BDDK tarafından ilan edilen Dijital Bankaların Faaliyet Esasları İle Servis Modeli Bankacılığı Hakkında Yönetmelik Taslağı ise artık finansın kendi kırılımına alan açmak için hazırlanıldığını gösterir. Gerçekten beklenen bu düzenleme çalışması dijitalleşmede önü çekip sonra geri kalan finans dünyası için yeni bir evrenin başlangıcı olarak görülmelidir.
Türkiye’de birçok insanın yurt dışında kurulu dijital bankalarda hesap açtığı ve hizmet aldığı bilinen bir fenomenken Türk finans sektörünün dijitalleşmeye olan ilgisinin arayı kapatmak için yeterli olacağına inanırım.
Bu gelişme aynı zamanda nakidin de tedavülünde sona gelindiğini gösterir. Para sisteminin yenileceği bu dönemde bankaların oynayacağı rolü anlamak ve anlamlandırmak için yeterli tartışmanınsa henüz yapılmadığını ifade etmeliyim.
Dijital taraftaki tüm para ve para benzeri ilişkilerinin birbirine girdiği bir düşünce dünyasıyla bu yeni dönem Türkiye için zorluklar barındırır. Belli bir olgunlaşmadan geçmek ve dijital finans içinde TL’nin konumunun nasıl tayin edileceğini sistematik olarak düşünmek gerekir.
Burasının parayı icat ettiği halde para sisteminde acemilikler yaşamanın çok eskiye tarihlendiği bir coğrafya olduğu unutulmamalıdır.
Bir anekdotla bitireyim; Osmanlı ilk kaimeleri basma kararı verdiğinde matbaa gemisiyle bir para basma uzmanını proje kapsamında istihdam eder.
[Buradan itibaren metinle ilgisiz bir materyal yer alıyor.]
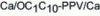 Figure 19 - Diode structure used to study electron transport in OC1C10-PPV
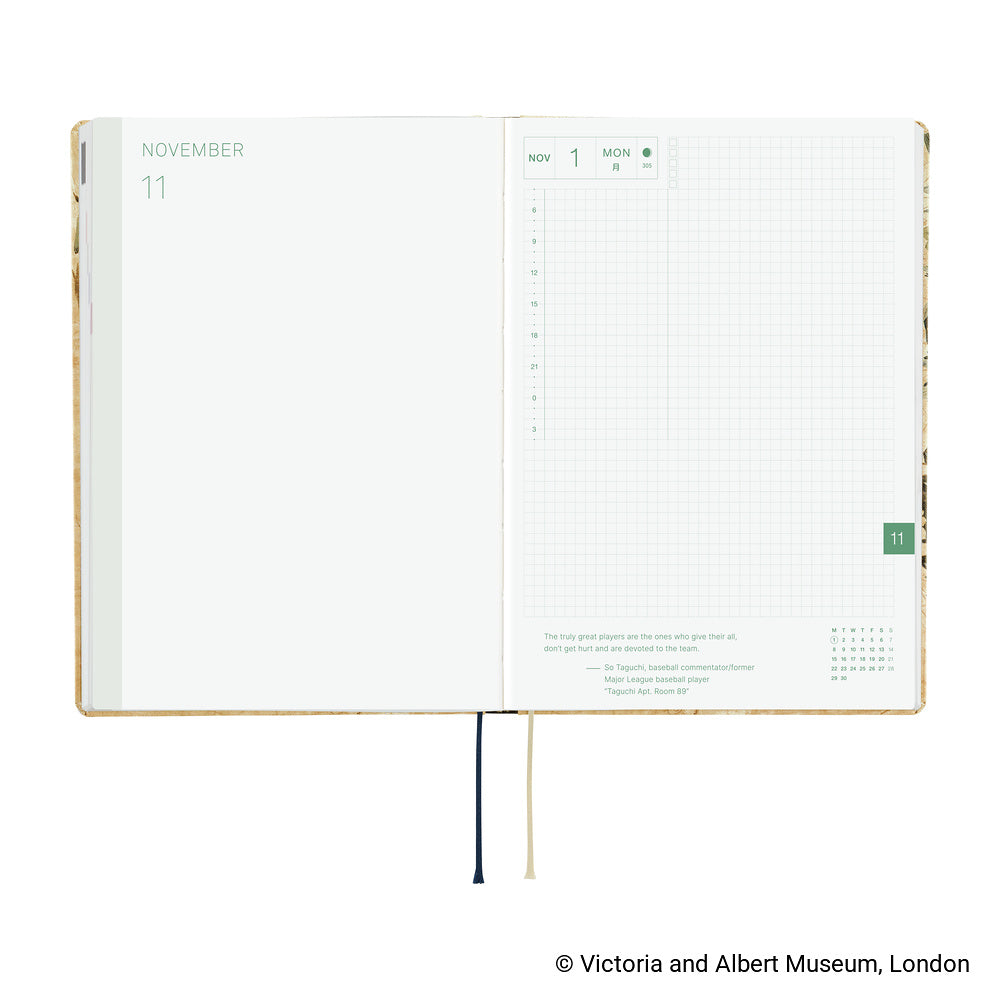 Hobonichi Techo 2027 HON - A5 - V&A Series: Vine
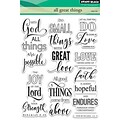 Penny Black All Great Things Clear Stamps, 5 x 7 (PB30406)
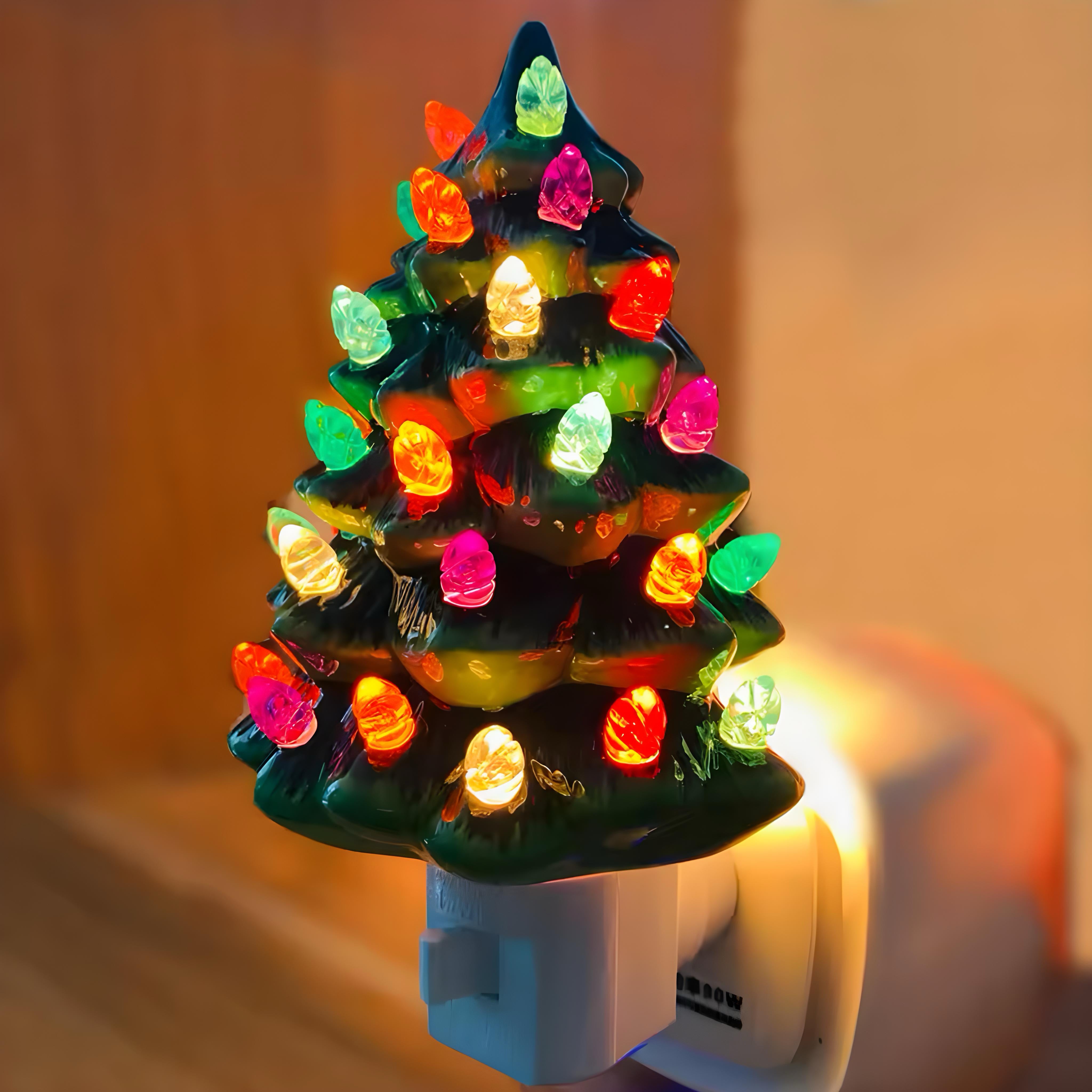 Lampada Notturna Albero di Natale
Bu kimse anlaşmaya uygun olarak kaimeleri basar ve teslim eder. Sonra matbaa gemisiyle beraber İstanbul’u terk eder. Osmanlı, kaimeleri tam piyasaya sürdüğü anda geminin habersiz olarak para basmaya devam ettiği ve sahte kabul edilecek kaimeleri piyasaya çoktan sürdüğü de anlaşılır.